Based on how you think the market is going to change, you place a bet of a certain amount of money per movement “point” of the item in question. What this means is that, if you decide to bet £10 per point on a commodity you expect to increase in value, you will win £10 for each point of movement in your favoured direction. Your profit (or even loss of money) is magnified by your chosen stake. However, should your chosen commodity start to decline in value, you will lose money. Therein lies the problem.

The actual mathematical analysis of spread betting is fast-growing within mathematics. Different sports may use different systems of points for their growth margins, such as Skellam statistics.

What is the problem with spread betting?

As is the case with any form of wagering, there is always a risk. With spread betting in particular, it is possible for a trader’s losses to end up greater than the money they initially placed on the item. Whilst one’s profits will be magnified, one’s losses will also be too. That could potentially put many people into serious debt, rather than simply losing money that has already been staked on the wager.

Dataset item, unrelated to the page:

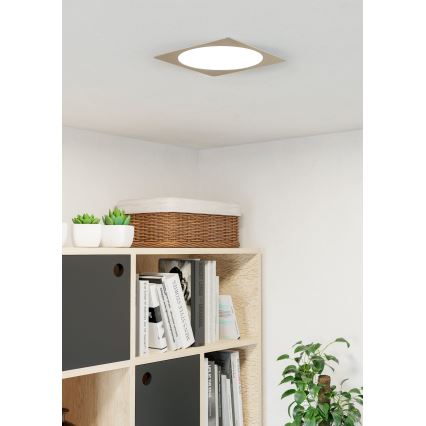 Eglo - LED recessed ceiling light LED/18,5W/230V 2700/4000/6500K 21,6x21,6 cm matte chrome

An example of this risk happened quite recently. Another UK-based financial derivatives company, IG Group, founded in 1974, lost almost £18,000,000 back in January 2015. What caused this problem was the Swiss National Bank’s announcement that they would be abolishing their currency ceiling and minimum exchange rate policy. This caused a steep increase in the value of the Swiss franc and led to the collapse of currency brokerages as a result. This brought control and assurance within spread-betting under close scrutiny. Many hundreds of customers of IG Group were affected by this loss. A customer, whose name will not be given, had his £2 stake turned into a loss of over £5,000, and this was not the greatest loss. IG Group accepted the following ruling by a governing service that they would have to compensate at least some of the customers that lost money during that time.

What will become of spread betting in the future?

With the current climate of the recession, and with Brexit’s long-term effects looming over the United Kingdom, one could argue that this may lead to more spread betting and, by extension, more opportunities for loss such as what happened in Switzerland.